---------- Dataset excerpts

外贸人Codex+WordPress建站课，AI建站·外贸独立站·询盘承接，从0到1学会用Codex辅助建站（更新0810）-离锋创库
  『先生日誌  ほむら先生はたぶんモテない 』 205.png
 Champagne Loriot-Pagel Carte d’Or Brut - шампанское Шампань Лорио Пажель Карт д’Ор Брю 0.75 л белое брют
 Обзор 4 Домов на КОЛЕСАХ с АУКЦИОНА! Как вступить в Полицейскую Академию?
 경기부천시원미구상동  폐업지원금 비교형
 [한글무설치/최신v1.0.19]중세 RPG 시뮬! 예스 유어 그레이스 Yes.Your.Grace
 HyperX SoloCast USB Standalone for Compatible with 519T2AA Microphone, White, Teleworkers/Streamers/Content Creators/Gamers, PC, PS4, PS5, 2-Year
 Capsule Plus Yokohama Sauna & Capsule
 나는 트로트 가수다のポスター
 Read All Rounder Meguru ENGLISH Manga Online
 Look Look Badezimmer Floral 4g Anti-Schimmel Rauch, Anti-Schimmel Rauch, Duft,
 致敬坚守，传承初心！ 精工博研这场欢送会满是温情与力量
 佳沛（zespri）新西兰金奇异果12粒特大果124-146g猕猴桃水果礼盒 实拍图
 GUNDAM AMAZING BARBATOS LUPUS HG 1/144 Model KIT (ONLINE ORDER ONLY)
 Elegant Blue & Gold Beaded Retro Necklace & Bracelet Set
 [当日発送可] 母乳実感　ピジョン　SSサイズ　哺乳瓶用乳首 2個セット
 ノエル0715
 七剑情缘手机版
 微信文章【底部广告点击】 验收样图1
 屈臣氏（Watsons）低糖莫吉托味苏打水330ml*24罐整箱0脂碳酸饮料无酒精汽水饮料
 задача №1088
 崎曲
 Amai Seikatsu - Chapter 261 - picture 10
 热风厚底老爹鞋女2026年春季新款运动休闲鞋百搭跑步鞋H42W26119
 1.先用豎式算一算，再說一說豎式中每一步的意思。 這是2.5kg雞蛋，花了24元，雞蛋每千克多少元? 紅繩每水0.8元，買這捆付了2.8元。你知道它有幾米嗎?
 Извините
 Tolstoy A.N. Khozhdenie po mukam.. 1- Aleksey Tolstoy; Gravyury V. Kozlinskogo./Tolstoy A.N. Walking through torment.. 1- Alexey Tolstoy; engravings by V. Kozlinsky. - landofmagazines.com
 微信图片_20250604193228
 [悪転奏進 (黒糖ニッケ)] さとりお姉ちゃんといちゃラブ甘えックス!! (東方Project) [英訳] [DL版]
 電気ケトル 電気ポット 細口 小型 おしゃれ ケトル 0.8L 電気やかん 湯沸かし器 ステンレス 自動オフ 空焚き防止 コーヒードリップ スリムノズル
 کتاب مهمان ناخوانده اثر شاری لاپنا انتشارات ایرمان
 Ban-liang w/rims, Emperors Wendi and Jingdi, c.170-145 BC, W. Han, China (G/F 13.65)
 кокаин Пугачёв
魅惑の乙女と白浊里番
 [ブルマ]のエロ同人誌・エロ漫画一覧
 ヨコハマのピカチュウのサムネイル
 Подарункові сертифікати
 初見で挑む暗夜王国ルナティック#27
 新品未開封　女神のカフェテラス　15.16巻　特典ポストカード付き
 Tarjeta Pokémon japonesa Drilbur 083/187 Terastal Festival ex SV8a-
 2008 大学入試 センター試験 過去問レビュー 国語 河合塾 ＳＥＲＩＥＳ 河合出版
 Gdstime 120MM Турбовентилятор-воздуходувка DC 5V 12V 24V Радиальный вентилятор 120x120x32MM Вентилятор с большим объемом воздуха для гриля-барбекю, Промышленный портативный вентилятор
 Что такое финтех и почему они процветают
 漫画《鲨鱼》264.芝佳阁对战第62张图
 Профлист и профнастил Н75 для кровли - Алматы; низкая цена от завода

--------------------

**Required action:**
Transcribe the records above exactly, beginning at the line that contains "HyperX SoloCast USB" and ending with the line that contains "Look Look Badezimmer", both included, and nothing else.

**Answer box:**
 HyperX SoloCast USB Standalone for Compatible with 519T2AA Microphone, White, Teleworkers/Streamers/Content Creators/Gamers, PC, PS4, PS5, 2-Year
 Capsule Plus Yokohama Sauna & Capsule
 나는 트로트 가수다のポスター
 Read All Rounder Meguru ENGLISH Manga Online
 Look Look Badezimmer Floral 4g Anti-Schimmel Rauch, Anti-Schimmel Rauch, Duft,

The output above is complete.